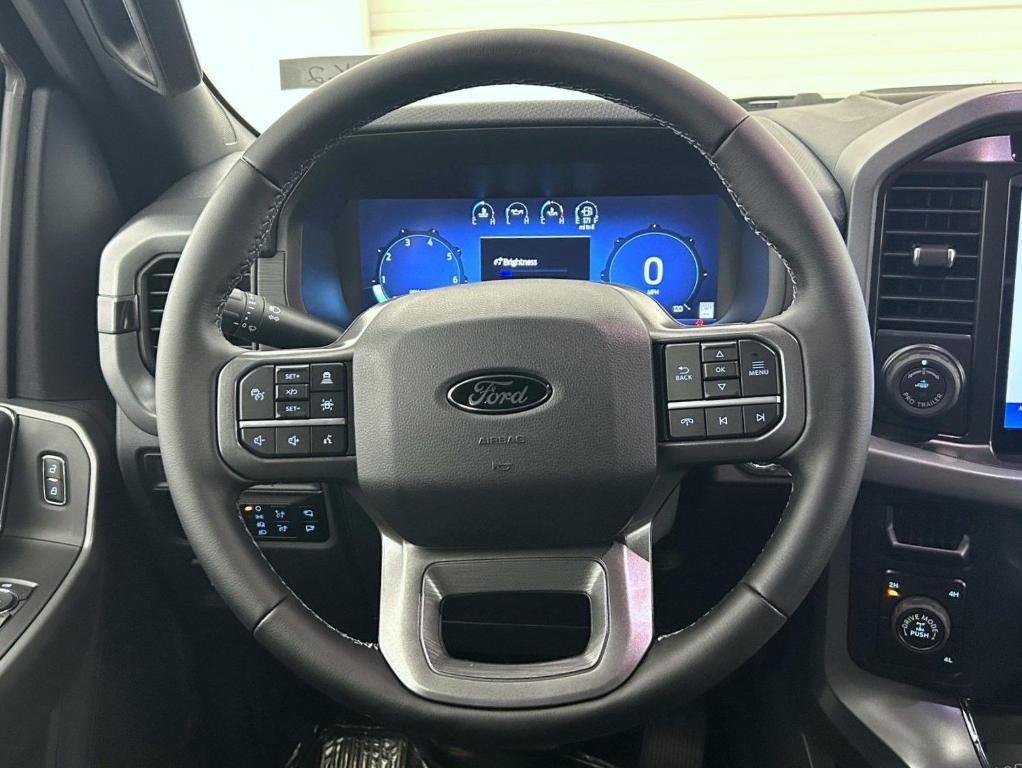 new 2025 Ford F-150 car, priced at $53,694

--

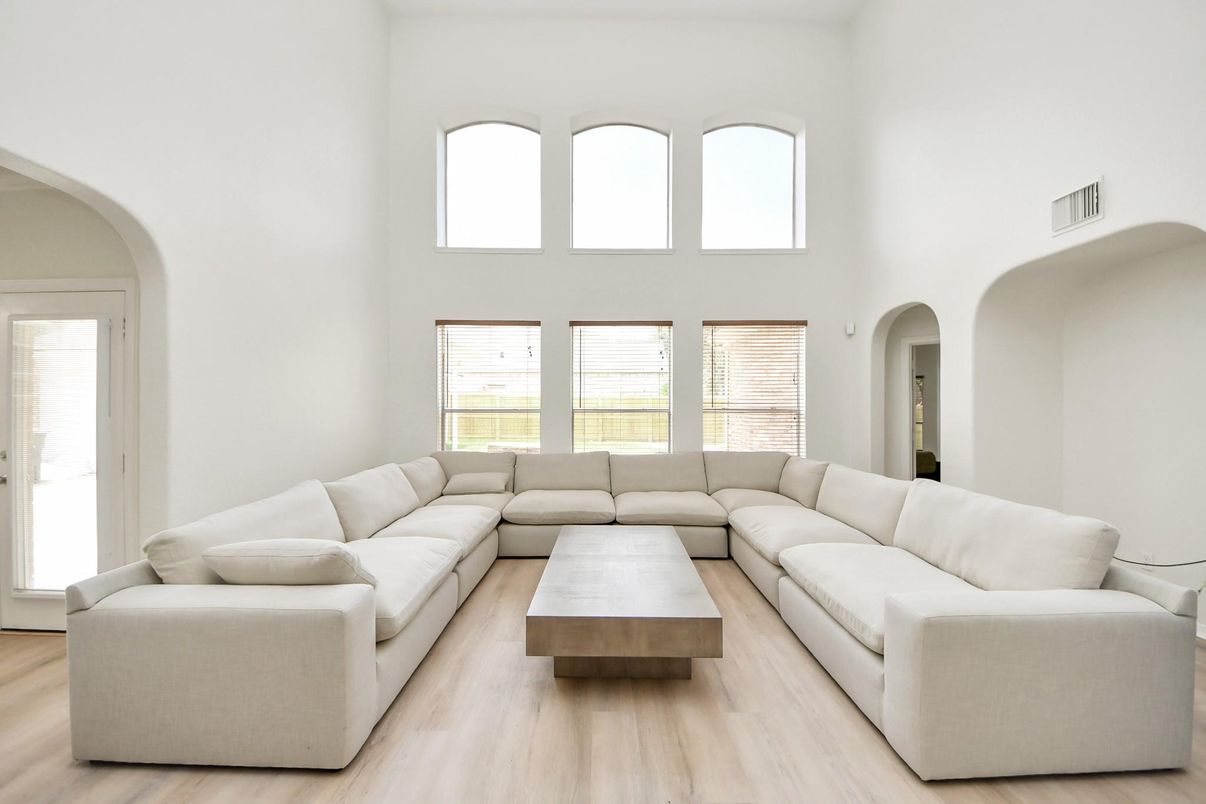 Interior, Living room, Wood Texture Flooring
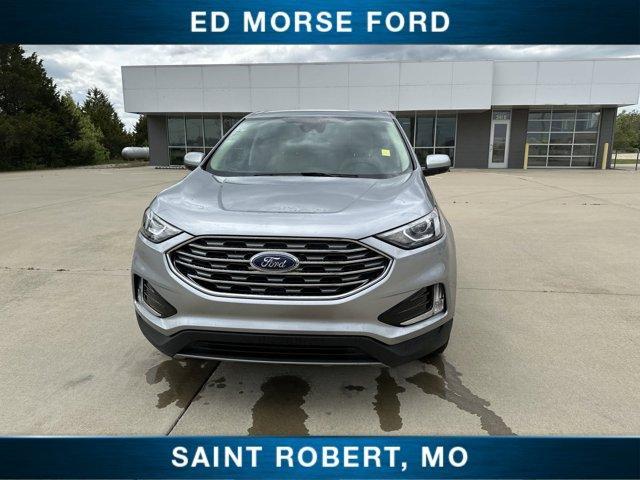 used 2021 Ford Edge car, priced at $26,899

* * *

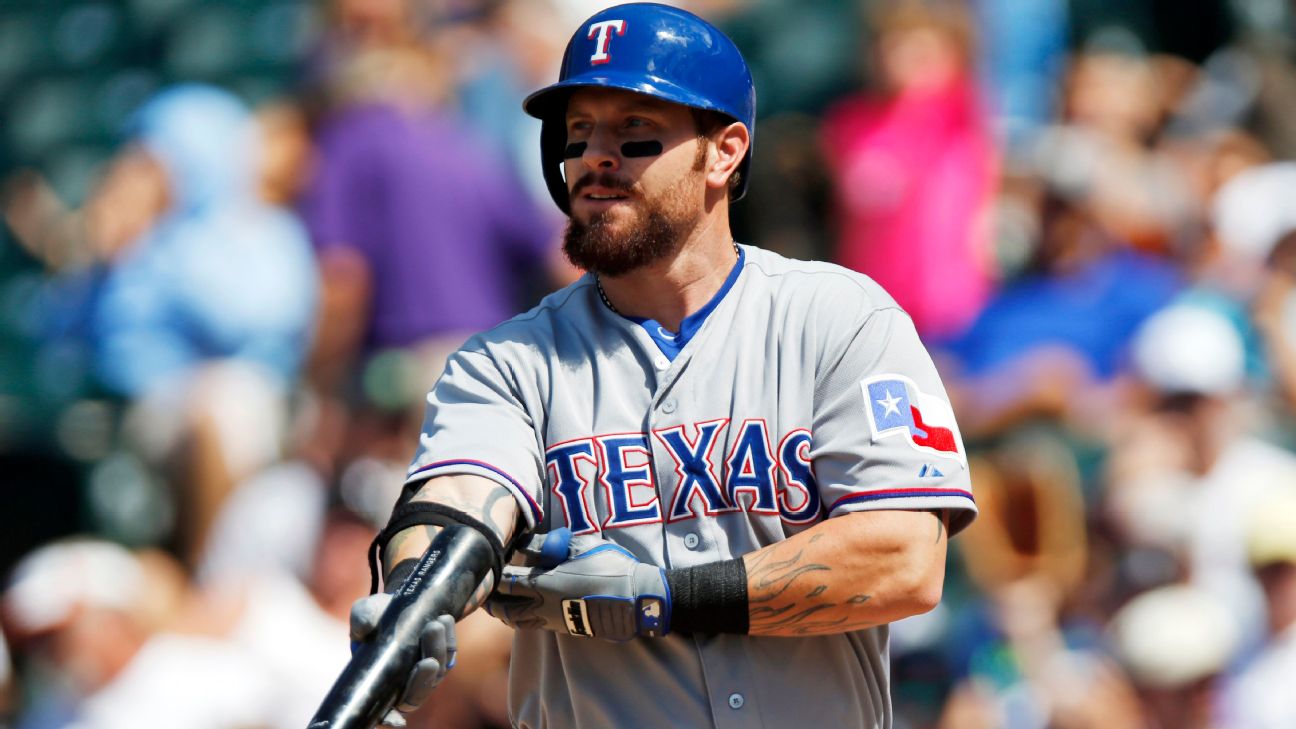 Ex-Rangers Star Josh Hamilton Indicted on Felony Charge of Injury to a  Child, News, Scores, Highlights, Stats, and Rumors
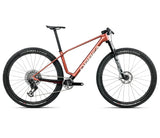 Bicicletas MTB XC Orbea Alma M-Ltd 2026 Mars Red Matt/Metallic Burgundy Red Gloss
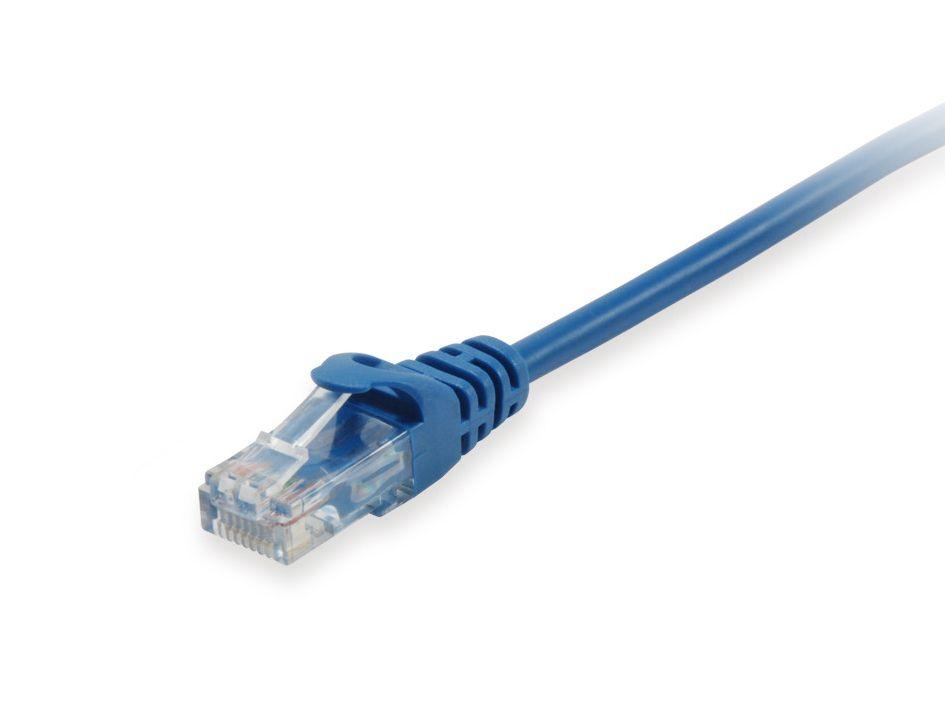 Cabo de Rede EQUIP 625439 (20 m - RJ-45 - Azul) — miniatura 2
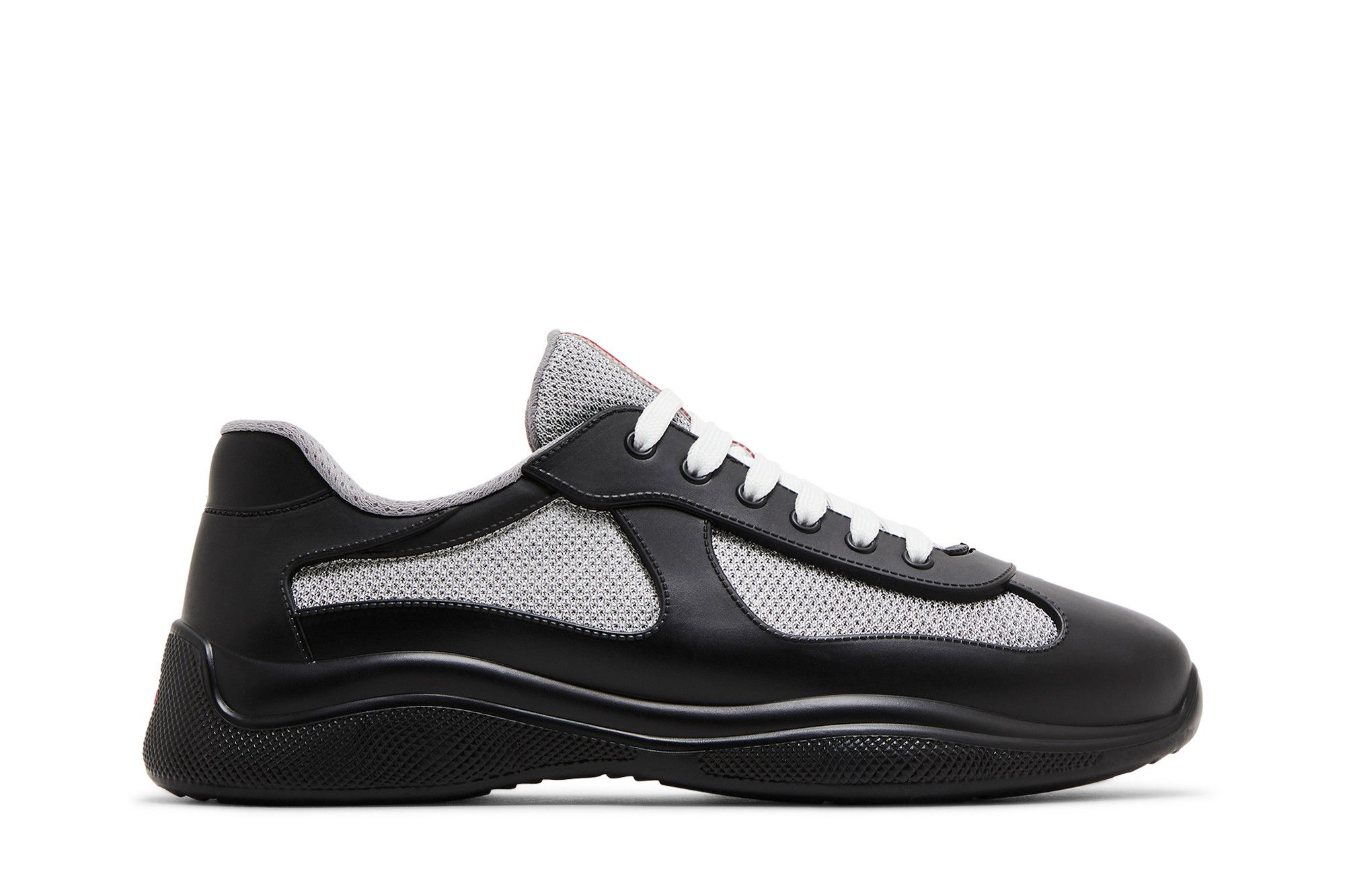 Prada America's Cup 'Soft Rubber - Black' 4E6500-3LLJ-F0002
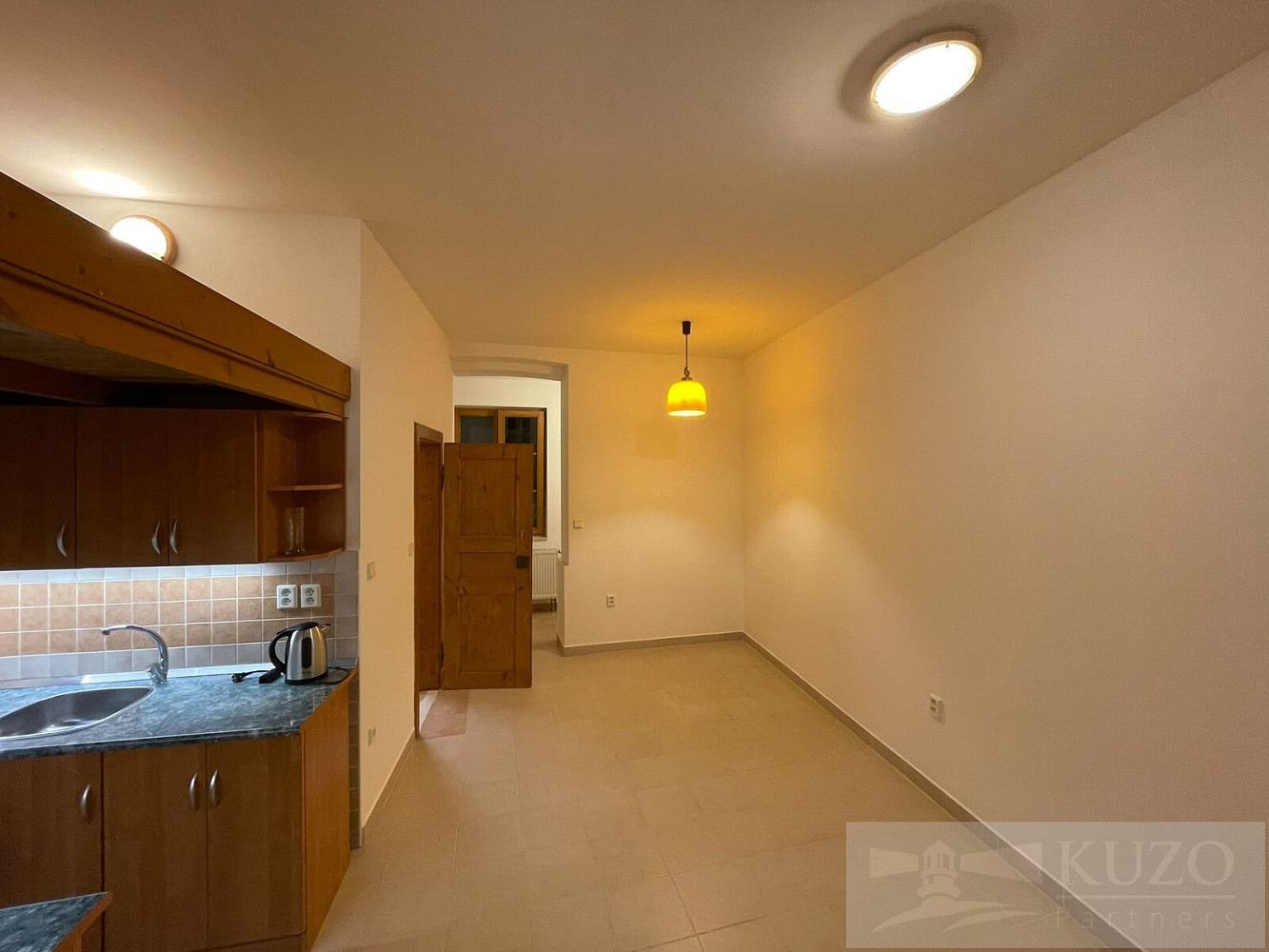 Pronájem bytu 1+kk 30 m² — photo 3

_What you are asked to do_:
Line for line, output the entries above from the line with "Prada America's Cup" to the line with "Pronájem bytu 1+kk 30 m² — photo 3", both included, and nothing more. Skip pictures.

_Task answer_:
 Prada America's Cup 'Soft Rubber - Black' 4E6500-3LLJ-F0002
 Pronájem bytu 1+kk 30 m² — photo 3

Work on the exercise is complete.